Alice Channer: Out of Body

Martine Rouleau
South London Gallery, London,
March 2 – May 13, 2012
Alice Channer Out of Body, South London Gallery, London, 2012.
photo : Andy Keate, courtesy of the artist and South London Gallery, London
To describe Out of Body as a smattering of limbs and organs would be both accurate and unsatisfactory. Indeed, the works might be titled Eyes, Arms, Thighs and Lungs but they exist as a whole from which no one element could be severed. There is a curatorial unity to the exhibition — orchestrated by the artist — which lends it the cohesive character of an installation, a body of work as well as a metaphorical human body. 

Yet this human body is not represented in any kind of figurative manner. There is, rather, an absence of the body, a suggestion of the incarnated presence of the artist, as the work bears the trace of her own physicality and its relationship to materials. “The work is me,” Channer says, “breathing, feeling and thinking with, through, and as part of, the processes and materials that make up the industrial world that I live in and that constitute my work.”

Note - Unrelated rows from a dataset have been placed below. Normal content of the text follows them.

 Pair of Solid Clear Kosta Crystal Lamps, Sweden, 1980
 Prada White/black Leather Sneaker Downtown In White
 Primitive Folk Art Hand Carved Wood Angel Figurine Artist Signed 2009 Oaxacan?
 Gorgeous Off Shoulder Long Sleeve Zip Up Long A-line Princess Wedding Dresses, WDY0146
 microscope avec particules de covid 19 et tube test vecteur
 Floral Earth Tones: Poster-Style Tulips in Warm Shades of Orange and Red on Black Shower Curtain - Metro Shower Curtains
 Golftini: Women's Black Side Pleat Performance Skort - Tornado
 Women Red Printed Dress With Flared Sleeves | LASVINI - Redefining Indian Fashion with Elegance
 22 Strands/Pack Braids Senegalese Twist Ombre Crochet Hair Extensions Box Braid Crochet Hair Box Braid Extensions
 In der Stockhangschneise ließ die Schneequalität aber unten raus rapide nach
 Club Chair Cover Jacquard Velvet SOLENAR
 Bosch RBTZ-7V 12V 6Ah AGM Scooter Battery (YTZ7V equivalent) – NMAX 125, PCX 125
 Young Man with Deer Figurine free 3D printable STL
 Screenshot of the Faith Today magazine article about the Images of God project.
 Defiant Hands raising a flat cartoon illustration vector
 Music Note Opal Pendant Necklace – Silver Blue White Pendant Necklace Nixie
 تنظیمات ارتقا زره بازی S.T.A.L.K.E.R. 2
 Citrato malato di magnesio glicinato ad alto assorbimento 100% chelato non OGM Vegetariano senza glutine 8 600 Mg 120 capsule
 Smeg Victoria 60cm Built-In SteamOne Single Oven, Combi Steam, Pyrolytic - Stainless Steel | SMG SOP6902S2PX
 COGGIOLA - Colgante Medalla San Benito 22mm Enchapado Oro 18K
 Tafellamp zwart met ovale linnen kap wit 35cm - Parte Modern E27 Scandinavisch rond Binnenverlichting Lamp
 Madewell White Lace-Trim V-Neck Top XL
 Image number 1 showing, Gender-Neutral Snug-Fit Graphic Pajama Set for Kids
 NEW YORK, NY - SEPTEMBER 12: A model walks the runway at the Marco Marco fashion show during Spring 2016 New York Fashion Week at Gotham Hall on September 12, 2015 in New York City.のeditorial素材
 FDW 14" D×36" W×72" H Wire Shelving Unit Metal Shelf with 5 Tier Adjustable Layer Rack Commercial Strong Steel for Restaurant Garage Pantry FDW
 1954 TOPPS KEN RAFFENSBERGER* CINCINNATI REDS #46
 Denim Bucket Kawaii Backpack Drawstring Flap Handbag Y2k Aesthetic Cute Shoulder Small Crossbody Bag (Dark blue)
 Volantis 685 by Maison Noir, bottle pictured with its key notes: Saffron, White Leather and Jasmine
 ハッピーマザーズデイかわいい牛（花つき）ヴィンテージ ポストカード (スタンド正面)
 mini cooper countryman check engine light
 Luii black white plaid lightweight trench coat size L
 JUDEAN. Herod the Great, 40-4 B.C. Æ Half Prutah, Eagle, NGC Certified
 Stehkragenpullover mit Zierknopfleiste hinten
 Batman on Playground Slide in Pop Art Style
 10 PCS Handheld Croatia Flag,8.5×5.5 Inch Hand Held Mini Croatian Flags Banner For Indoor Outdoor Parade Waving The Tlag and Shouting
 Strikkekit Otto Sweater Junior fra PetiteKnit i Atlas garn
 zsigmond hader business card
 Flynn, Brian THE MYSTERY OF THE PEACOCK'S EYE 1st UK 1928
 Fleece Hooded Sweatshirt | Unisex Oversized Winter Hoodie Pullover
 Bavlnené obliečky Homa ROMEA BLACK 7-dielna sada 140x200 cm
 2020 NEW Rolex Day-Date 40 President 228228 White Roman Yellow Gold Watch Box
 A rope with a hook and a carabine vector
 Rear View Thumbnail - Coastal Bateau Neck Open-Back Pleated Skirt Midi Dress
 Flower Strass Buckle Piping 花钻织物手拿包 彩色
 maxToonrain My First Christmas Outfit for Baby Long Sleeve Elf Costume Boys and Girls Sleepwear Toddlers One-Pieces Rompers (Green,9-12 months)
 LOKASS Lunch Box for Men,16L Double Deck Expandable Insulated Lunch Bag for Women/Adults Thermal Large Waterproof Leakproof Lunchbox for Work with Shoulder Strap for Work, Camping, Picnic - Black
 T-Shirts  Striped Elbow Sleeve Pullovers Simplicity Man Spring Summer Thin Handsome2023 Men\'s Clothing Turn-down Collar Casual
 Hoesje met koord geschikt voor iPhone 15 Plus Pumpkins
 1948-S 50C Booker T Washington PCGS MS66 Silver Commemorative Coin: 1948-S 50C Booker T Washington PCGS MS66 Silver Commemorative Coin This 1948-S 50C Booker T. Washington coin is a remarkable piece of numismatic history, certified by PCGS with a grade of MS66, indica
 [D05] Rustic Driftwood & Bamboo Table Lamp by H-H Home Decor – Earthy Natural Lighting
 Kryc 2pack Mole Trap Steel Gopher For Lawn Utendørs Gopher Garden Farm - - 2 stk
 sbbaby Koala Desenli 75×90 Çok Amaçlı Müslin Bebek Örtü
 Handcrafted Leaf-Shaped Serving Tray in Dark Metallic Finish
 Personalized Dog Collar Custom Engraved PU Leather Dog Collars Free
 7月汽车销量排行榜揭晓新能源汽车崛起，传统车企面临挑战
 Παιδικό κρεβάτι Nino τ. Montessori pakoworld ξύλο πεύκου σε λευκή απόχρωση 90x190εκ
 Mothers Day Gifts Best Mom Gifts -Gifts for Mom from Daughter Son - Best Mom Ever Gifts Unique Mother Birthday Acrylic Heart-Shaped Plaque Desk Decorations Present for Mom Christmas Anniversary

Cold Metal Body, a large distorted digital print of stone-carved drap-ery, illustrates this indivisibility. The stone rendition of fabric, itself printed on heavy crêpe de chine strung from the ceiling, is so manipulated as to be abstract, leaving the interpretation open to the viewer. Engaging with Cold Metal Body requires a certain movement of the body, a stretching up and stepping back that assigns to the viewer the responsibility to perform part of the work. The more one moves around the hanging structure, the more it reveals itself: at the back of the piece is the black imprint of a ghostly arm. Reasserting this synergy between body and work with a touch of humour, Channer peppered her sculptures with such traces of herself — almost signatures.

The artist’s masterful permutation of materials is also present in Amphibians and Reptiles, two structures of mirror-polished stainless steel, cast aluminium, marble and… tights. The reflective semi-circular shapes of these works undulate off the floor, as if arrested mid-slither. They first appear to be machined into hard, shiny perfection, but uncanny elements soon emerge to disrupt the smoothness: hand-carved irregularities in the marble columns and aluminium casts of tights curved as if they were crawling, their deflated shape evoking the human presence that activates the machine of industrial production, vulnerable yet essential.

At times, Channer’s work is reminiscent of that of Eva Hesse or Barbara Hepworth, yet she creates a tension that is both compelling and unique. The play between the figurative and the abstract, between per-sonal experience and cultural references and between the handcrafted and the manufactured is at the heart of Out of Body. It makes a potent case for the body redefining the world beyond the reach of the human mind.